Type: Oral
Session: 721. Allogeneic Transplantation: Conditioning Regimens, Engraftment and Acute Toxicities: Optimizing Outcomes in Adult Patients
Hematology Disease Topics & Pathways:
Research, Clinical Research, Real-world evidence
Methods: The study encompassed 57 individuals undergoing allo-HSCT. Commencing day +1 post-transplantation, patients were administered rhTPO therapy. The experimental group, comprising 27 patients, received a continous daily dosage of 22500 U of rhTPO until platelet engraftment was achieved. While the control group, consisting of 30 participants, was given a continuous daily dosage of 15000 U of rhTPO,also until platelet engraftment occurred.
Results: Patients in the experimental group, who received 22,500 U/day rhTPO, achieved a significantly earlier median time to platelet engraftment compared to the control group (12 vs. 13 days, P=0.042, z=4.142) and reached platelet counts of ≥30×109/L more rapidly (13 vs. 16 days, z=3.936, P=0.047). There was a noticeable trend in the experimental group towards earlier attainment of higher platelet thresholds of 50×109/L, 75×109/L, and 100×109/L (15 vs. 20 days, 18 vs. 22 days, 22.5 vs. 28 days). No instances of delayed platelet engraftment were noted in either group. By day 21, the cumulative platelet engraftment rate stood at 96.3% for the experimental group and 83.3% for the control group. By day 60, both groups had achieved a full 100% engraftment rate. Additionally, the experimental group experienced an earlier median time to neutrophil engraftment (11 vs. 12.5 days, z=4.534, P=0.033). During the follow-up period, both groups showed a 100% one-year overall survival rate. The one-year relapse-free survival rates were 96.3% for the experimental group and 93.3% for the control group, indicating no significant disparity. Notably, the cumulative incidence of moderate to severe acute graft-versus-host disease (aGVHD) was significantly lower in the experimental group (14.8% vs. 40.0%, P=0.043). Safety assessments, encompassing evaluations of adverse events such as thrombosis and bleeding, confirmed that the higher dosage of rhTPO was both safe and reliable.

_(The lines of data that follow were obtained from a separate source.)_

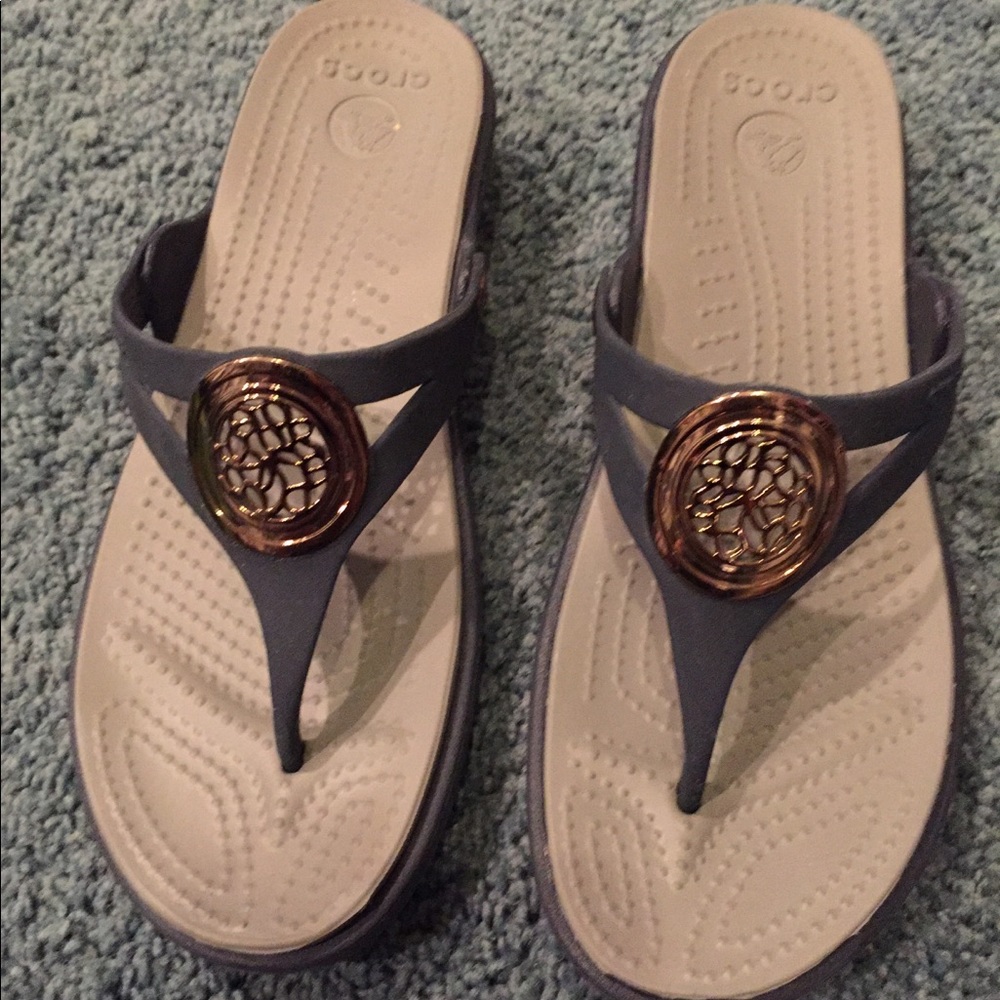 Women’s Crocs Sanrah circle wedge saddle. Size 7M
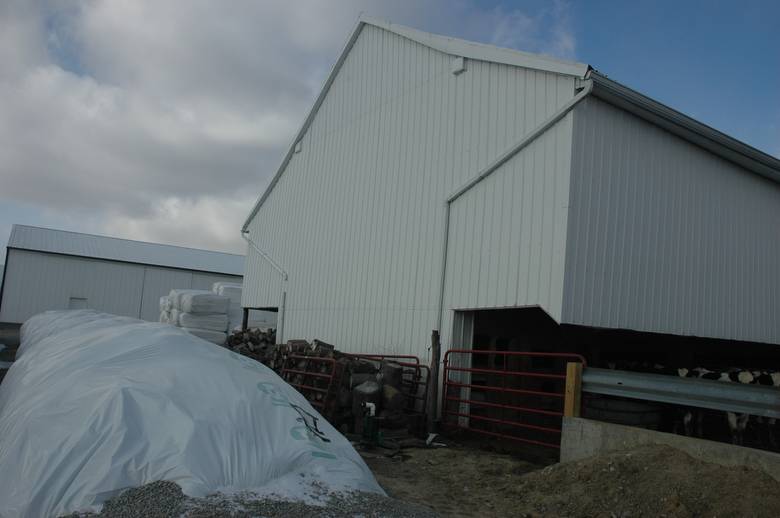 Double Pen Log Barn / 42x70 Bank Barn. Interior and Exterior photos.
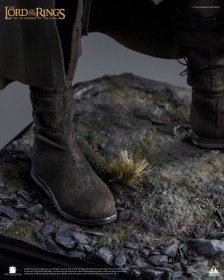 Aragorn Lord of the Rings 1/3 Statue by Queen Studios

Conclusion: Escalating the dosage of rhTPO injections demonstrates a safe and efficacious approach to enhancing platelet engraftment in patients following allo-HSCT. This strategy not only accelerates the recovery of platelet levels but also contributes to the overall therapeutic regimen without compromising patient safety.
Disclosures: No relevant conflicts of interest to declare.